The appropriate allocation to private markets depends on your total portfolio size, liquidity needs, and investment timeline. A common framework used by institutional allocators is the "Yale Endowment Model," which allocates 30% to 40% of the portfolio to alternatives including private equity.[1] However, institutions have perpetual time horizons and no personal liquidity needs. Individual investors should be more conservative.
For most Singapore-based investors with investable assets between SGD 500,000 and SGD 2 million, a sensible private market allocation might be 5% to 15%. This provides meaningful exposure to potential outperformance while keeping the bulk of the portfolio liquid and accessible. Investors should only allocate capital they genuinely do not need for at least 7 to 10 years.
It is also worth considering the relationship between private market investments and your other holdings. If you already have significant illiquid assets (such as investment property), your private equity allocation should be smaller. The goal is to balance potential returns with overall portfolio liquidity.
The Singapore Advantage
Singapore offers several structural advantages for private market investors. The city-state's Variable Capital Company (VCC) framework, introduced in 2020, has made it a preferred domicile for private funds in Asia.[2][3] This means more high-quality fund managers are establishing Singapore-based vehicles, giving local investors easier access.
Additionally, Singapore's tax treatment of investment gains is favourable. There is no capital gains tax for individuals, meaning private equity profits are generally not taxed upon realisation.[4] This compares favourably with jurisdictions like the US, where carried interest and capital gains face significant tax obligations.
The technology and AI sector, which represents a large share of venture capital and growth equity deal flow, is also well-represented in Southeast Asia.

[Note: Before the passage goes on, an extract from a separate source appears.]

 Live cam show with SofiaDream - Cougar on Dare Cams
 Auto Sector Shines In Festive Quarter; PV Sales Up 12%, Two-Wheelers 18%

Singapore-based private equity and venture capital firms are actively deploying capital across the region, giving investors exposure to fast-growing economies like Indonesia, Vietnam, and the Philippines.
Key Takeaways
The democratisation of private markets is a positive development for investors seeking broader diversification and return potential. However, the lowered barriers to entry do not lower the inherent risks. Illiquidity, valuation uncertainty, and higher fees require careful consideration before committing capital.
Start small, prioritise regulated platforms, and ensure private market investments fit within a well-constructed overall portfolio. If you are considering private equity as part of your wealth accumulation strategy, working with an experienced Financial Adviser Representative can help you navigate the complexities and select the right opportunities for your situation.